What the exercise asks. All that is needed is the line in the material below containing "105 Halldorson Avenue, Aurora, Ontario", plus every line after it, printed exactly.

□ □ □ □ □

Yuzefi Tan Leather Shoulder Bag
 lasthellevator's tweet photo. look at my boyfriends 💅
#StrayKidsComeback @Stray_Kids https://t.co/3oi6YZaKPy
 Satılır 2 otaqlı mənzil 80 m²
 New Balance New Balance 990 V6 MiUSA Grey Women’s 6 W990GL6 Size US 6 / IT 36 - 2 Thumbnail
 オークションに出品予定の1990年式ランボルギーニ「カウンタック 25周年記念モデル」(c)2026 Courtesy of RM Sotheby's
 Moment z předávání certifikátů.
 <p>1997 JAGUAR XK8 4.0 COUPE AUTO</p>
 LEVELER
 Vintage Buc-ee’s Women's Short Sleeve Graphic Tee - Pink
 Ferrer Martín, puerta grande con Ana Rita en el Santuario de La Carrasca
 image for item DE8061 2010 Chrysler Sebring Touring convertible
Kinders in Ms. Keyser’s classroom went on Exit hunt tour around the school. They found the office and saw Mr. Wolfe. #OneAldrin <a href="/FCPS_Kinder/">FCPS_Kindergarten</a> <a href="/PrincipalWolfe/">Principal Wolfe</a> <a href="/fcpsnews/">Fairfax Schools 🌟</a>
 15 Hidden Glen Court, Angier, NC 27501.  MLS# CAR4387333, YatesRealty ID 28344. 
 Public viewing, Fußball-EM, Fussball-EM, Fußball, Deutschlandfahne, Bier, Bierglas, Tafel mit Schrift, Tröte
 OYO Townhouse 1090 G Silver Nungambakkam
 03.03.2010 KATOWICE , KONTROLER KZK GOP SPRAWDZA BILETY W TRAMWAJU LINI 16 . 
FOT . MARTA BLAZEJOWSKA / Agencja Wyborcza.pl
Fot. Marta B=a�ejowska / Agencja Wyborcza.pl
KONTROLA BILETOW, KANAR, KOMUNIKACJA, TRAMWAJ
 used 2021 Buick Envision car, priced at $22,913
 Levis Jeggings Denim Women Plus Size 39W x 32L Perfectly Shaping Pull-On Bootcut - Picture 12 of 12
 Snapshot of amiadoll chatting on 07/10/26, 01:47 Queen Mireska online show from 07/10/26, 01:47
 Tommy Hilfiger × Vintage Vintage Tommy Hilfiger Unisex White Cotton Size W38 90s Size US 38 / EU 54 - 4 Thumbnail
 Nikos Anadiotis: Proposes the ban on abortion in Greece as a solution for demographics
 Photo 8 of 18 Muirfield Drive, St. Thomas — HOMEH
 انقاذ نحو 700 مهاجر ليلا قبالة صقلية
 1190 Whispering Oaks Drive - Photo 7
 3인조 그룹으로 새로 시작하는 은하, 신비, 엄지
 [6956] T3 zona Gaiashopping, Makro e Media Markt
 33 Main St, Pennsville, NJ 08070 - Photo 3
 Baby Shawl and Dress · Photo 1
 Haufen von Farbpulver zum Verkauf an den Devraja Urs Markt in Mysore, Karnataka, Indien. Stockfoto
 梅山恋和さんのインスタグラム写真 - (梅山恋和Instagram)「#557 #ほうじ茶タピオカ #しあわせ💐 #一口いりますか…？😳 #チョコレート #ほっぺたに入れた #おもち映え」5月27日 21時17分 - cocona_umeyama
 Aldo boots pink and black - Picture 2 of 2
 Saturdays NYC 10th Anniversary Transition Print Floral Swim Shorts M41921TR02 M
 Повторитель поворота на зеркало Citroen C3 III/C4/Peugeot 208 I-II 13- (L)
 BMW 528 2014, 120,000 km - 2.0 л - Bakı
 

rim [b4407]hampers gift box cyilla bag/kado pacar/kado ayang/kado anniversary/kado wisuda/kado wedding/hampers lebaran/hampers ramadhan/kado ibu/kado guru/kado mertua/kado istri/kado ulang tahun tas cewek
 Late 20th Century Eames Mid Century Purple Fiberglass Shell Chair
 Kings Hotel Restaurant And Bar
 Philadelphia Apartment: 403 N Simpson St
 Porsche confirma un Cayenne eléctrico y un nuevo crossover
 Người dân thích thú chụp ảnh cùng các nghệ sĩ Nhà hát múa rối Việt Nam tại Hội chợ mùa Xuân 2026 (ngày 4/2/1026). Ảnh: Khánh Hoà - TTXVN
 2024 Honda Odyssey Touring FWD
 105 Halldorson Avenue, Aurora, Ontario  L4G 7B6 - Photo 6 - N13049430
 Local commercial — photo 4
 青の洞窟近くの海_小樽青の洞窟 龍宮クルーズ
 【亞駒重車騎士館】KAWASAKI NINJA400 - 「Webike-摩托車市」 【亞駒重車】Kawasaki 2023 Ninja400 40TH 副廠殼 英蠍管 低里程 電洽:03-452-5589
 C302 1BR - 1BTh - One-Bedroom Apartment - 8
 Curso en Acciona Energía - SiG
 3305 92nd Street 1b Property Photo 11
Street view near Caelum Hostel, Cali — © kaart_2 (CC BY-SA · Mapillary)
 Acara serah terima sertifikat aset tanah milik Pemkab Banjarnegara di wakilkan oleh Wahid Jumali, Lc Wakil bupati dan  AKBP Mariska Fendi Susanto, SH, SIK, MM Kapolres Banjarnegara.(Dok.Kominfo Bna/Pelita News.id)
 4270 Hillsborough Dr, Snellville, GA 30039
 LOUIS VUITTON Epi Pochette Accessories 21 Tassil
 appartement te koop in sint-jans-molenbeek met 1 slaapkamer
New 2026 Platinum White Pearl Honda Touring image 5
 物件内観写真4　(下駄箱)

□ □ □ □ □

Solution.
 105 Halldorson Avenue, Aurora, Ontario  L4G 7B6 - Photo 6 - N13049430
 Local commercial — photo 4
 青の洞窟近くの海_小樽青の洞窟 龍宮クルーズ
 【亞駒重車騎士館】KAWASAKI NINJA400 - 「Webike-摩托車市」 【亞駒重車】Kawasaki 2023 Ninja400 40TH 副廠殼 英蠍管 低里程 電洽:03-452-5589
 C302 1BR - 1BTh - One-Bedroom Apartment - 8
 Curso en Acciona Energía - SiG
 3305 92nd Street 1b Property Photo 11
Street view near Caelum Hostel, Cali — © kaart_2 (CC BY-SA · Mapillary)
 Acara serah terima sertifikat aset tanah milik Pemkab Banjarnegara di wakilkan oleh Wahid Jumali, Lc Wakil bupati dan  AKBP Mariska Fendi Susanto, SH, SIK, MM Kapolres Banjarnegara.(Dok.Kominfo Bna/Pelita News.id)
 4270 Hillsborough Dr, Snellville, GA 30039
 LOUIS VUITTON Epi Pochette Accessories 21 Tassil
 appartement te koop in sint-jans-molenbeek met 1 slaapkamer
New 2026 Platinum White Pearl Honda Touring image 5
 物件内観写真4　(下駄箱)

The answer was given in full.